L’episodio più grave e inquietante è quello dello scorso 26 aprile, quando un rogo di enormi proporzioni devastò, a Birgi, i locali e alcuni mezzi della Abc – Cooperative Ortofrutticole Riunite. Danni per almeno un milione di euro. E le conseguenze potevano essere ben più drammatiche. Non solo perché le fiamme avrebbero potuto raggiungere un vicino deposito di bombole di gas gpl, ma soprattutto perché al primo piano della struttura della cooperativa presieduta dal 61enne marsalese G.V. dormivano tre persone. Tre romeni, un uomo e due donne (una è la moglie dell’uomo), dipendenti regolarmente assunti dalla coop. I tre lavoravano da qualche tempo per l’Abc e, disponendo la coop di locali al primo piano, uffici e un appartamento, aveva concesso quest’ultimo in uso ai tre romeni. Fortuna ha voluto che i tre dipendenti si siano accorti in tempo dell’incendio divampato, intorno alle 2 di notte, nel cortile antistante e prima che il capannone fosse aggredito dalle fiamme sono riusciti a fuggire, mettendosi in salvo. 

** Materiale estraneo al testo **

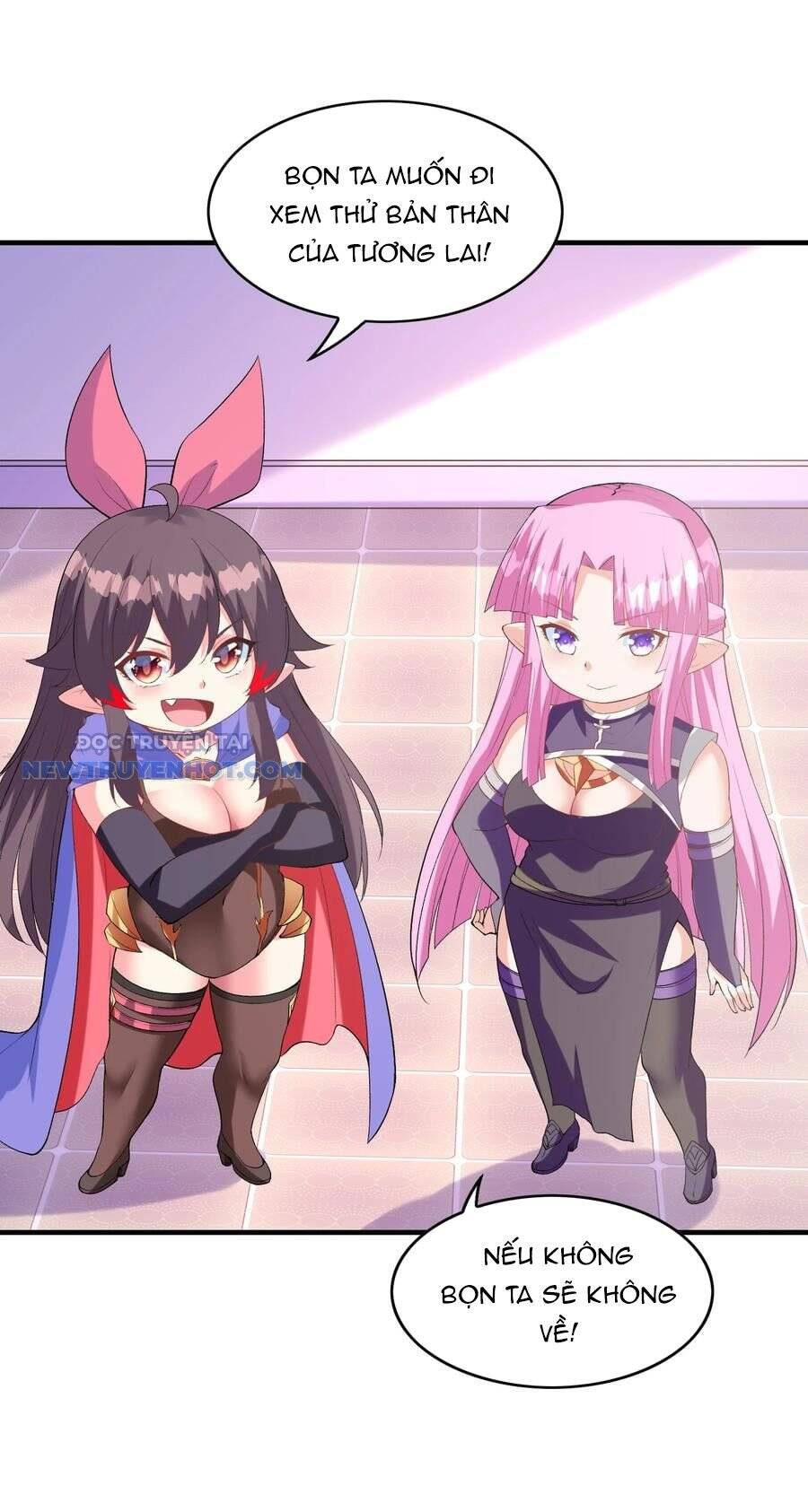 Hậu Cung Của Ta Toàn Là Ma Nữ Phản Diện - Chapter 132 - Page 15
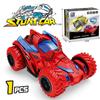 Twist and Tumble Double-Sided 4WD Off-Road Stunt Car Toy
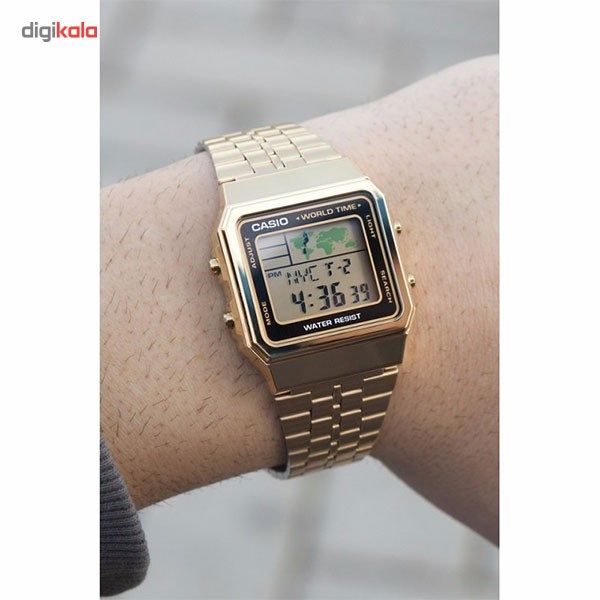 ساعت مچی دیجیتال مردانه کاسیو مدل A500WGA-1DF -  - 4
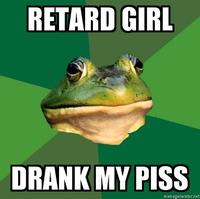 Foul Bachelor Frog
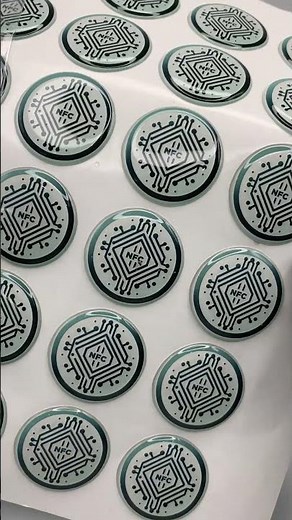 NTAG213 NFC Stickers by LINQS | Smart NXP Nerdi Tags for Automation & IoT Projects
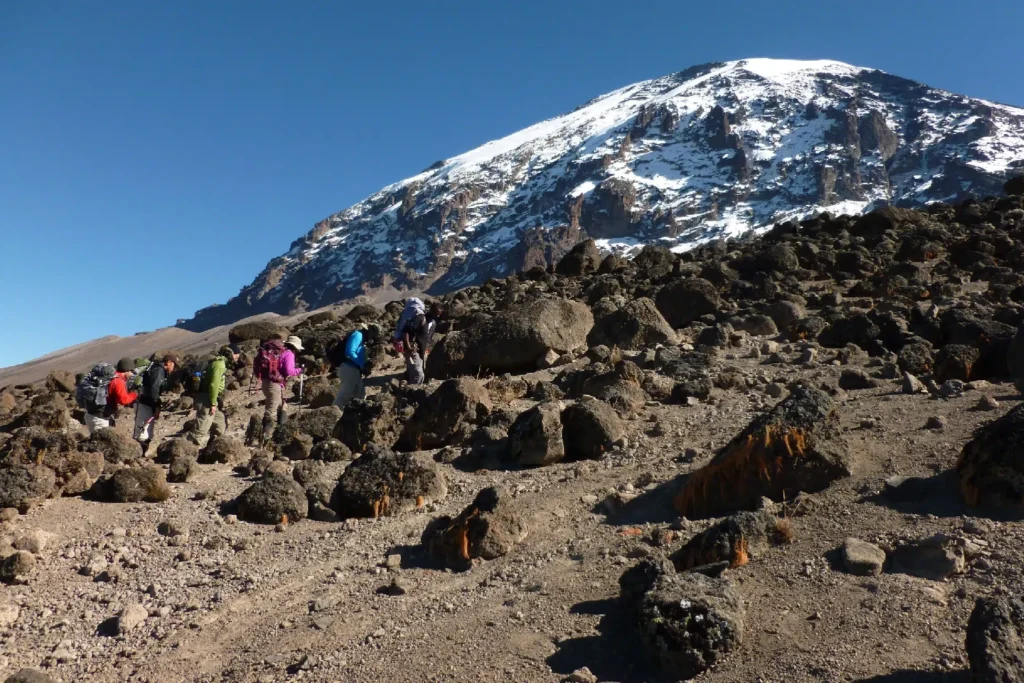 kilimanjaro trekking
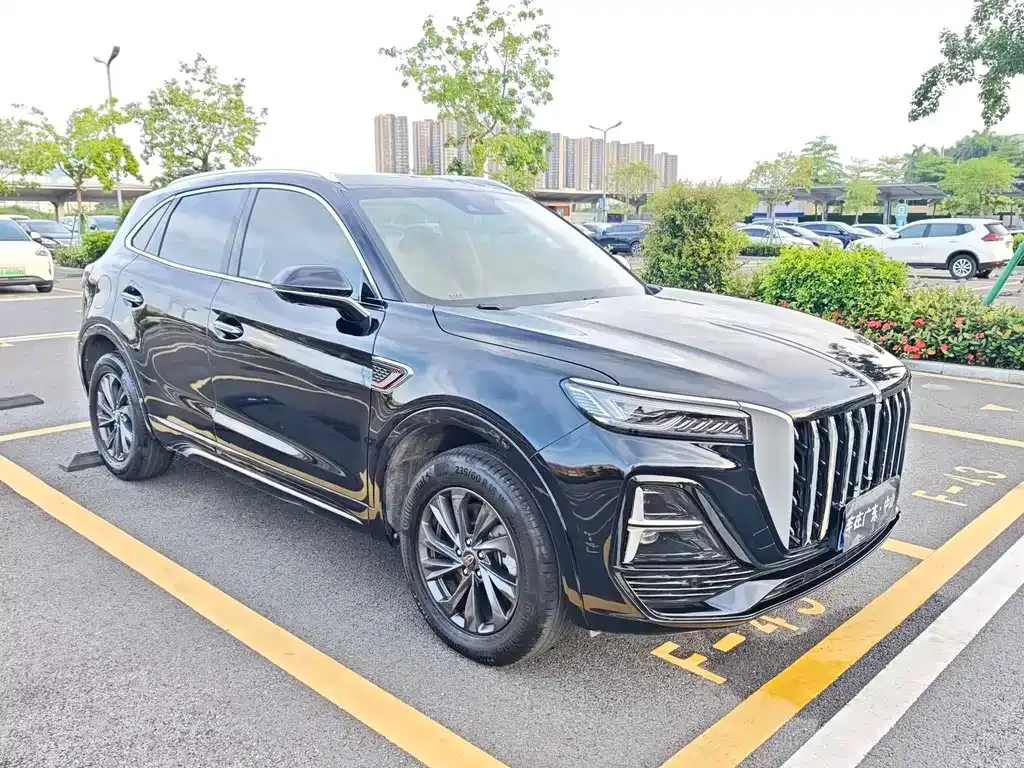 Hongqi HS5 2024 из CN, фото 10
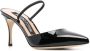 Sergio Rossi Godiva leather 75mm heel pumps Black - Thumbnail 2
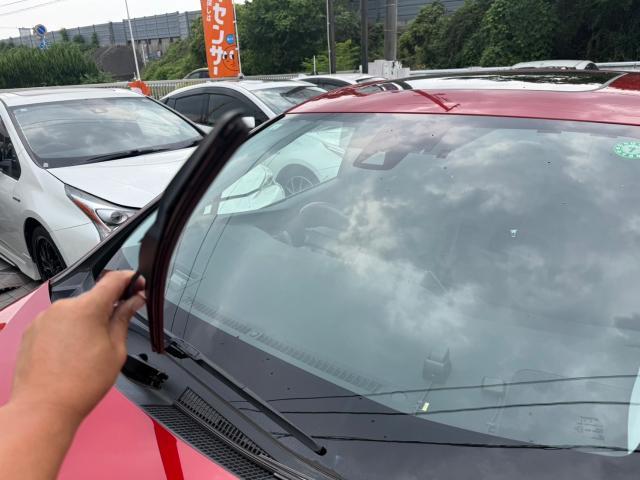 トヨタ　50プリウス　納車前点検　ZVW51【岡山県岡山市　東区・中区・北区・赤磐市・瀬戸内市で持込でのタイヤ交換・ドライブレコーダー・ナビ等のパーツ取付・カスタムの事ならエヌアンドエスオートへお任せ】下さい！】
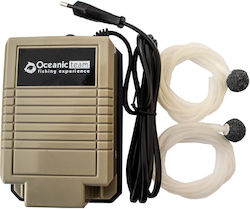 Oceanic Team Οξυγονωτής Ρεύματος Δύο Εξόδων 220v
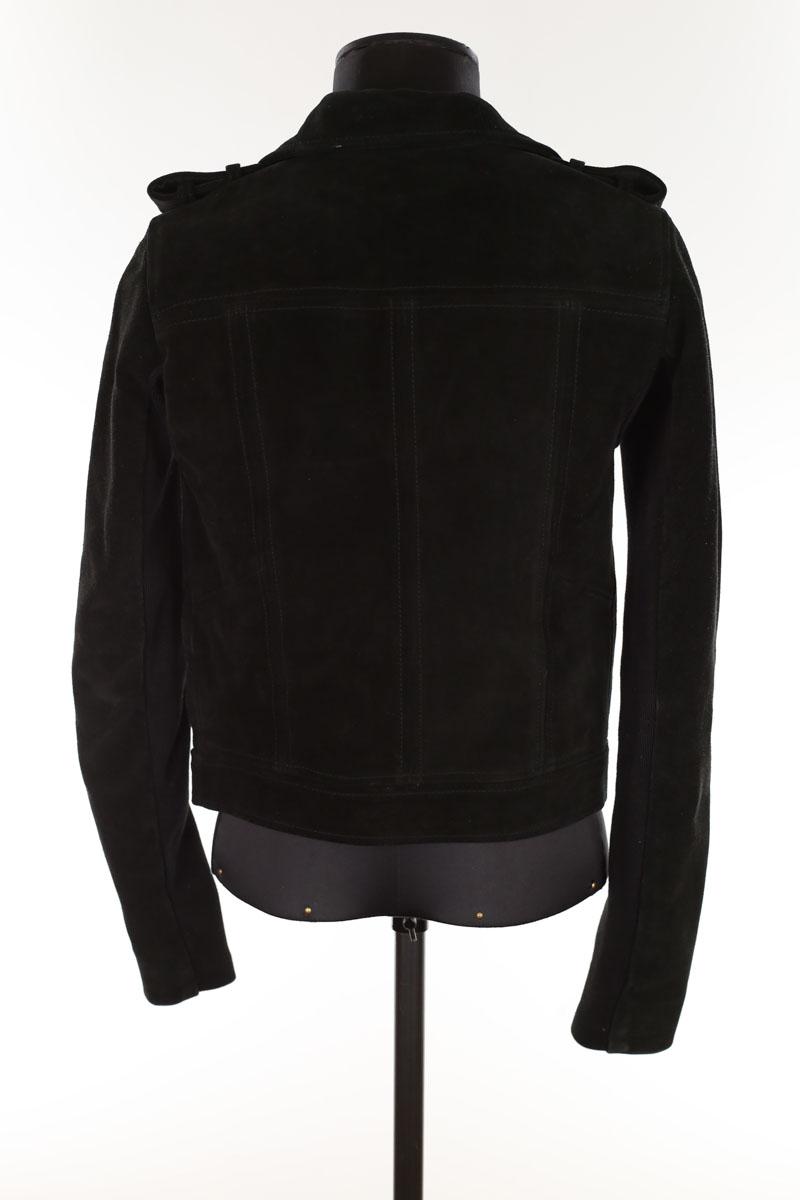 Veste en cuir The Kooples  Noir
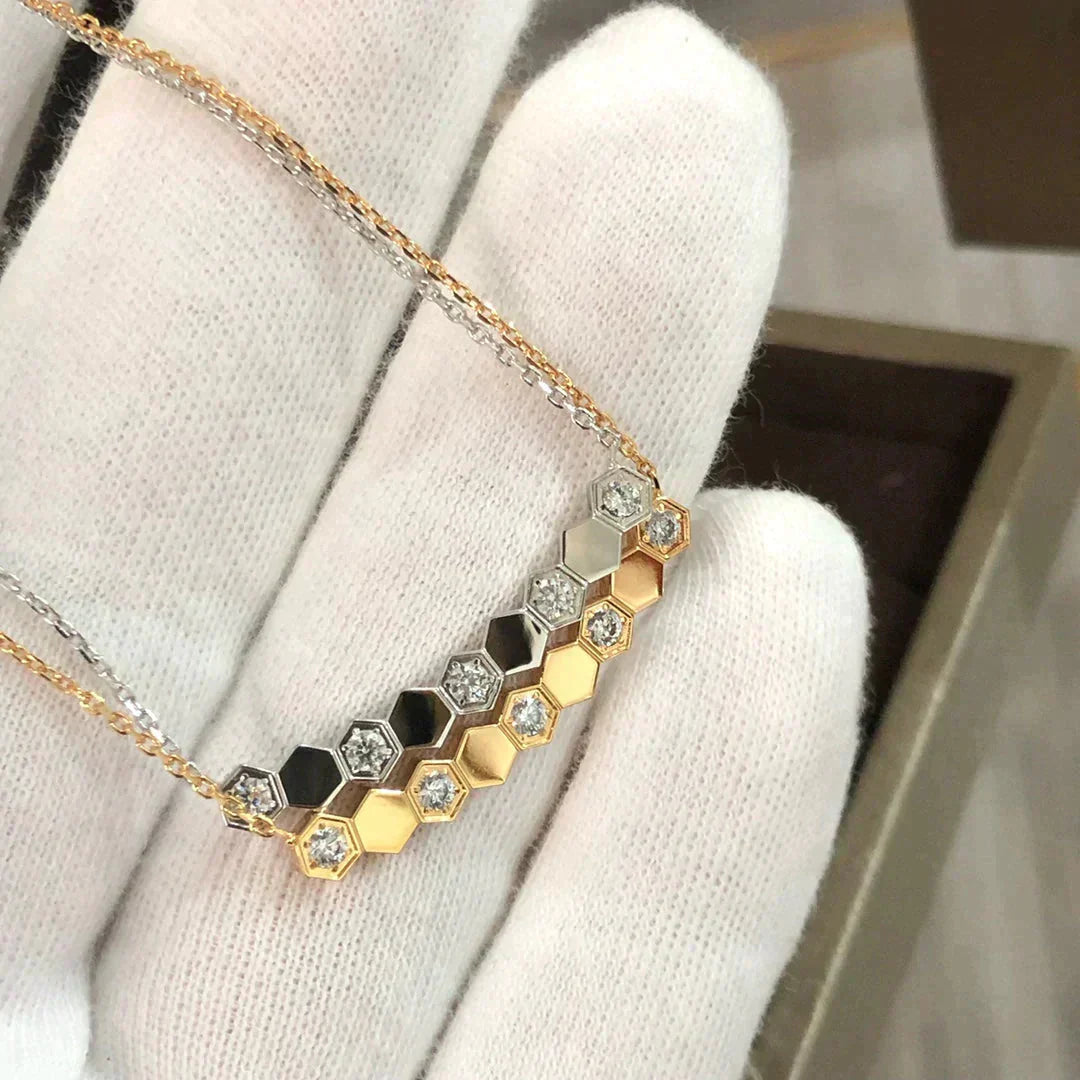 [Triumph Jewelry]BEE LOVE NECKLACE DIAMOND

Adesso, invece, si apprende che è di natura dolosa anche l’incendio che ha semidistrutto la villa al mare, in zona Sibiliana (villaggio Olimpia), di un noto commerciante marsalese di origine salemitana, Armando Giammarinaro, titolare di uno dei più noti negozi di abbigliamento maschile della città: Karisma di via Roma. Le fiamme, appiccate alla veranda in legno, hanno poi aggredito altre parti dell’immobile, provocando danni per diverse decine di migliaia di euro. Il fatto è stato denunciato dal proprietario ai carabinieri. L’incendio è stato appiccato nel giorno del compleanno del proprietario. Un caso o la volontà di fare un regalo particolare? 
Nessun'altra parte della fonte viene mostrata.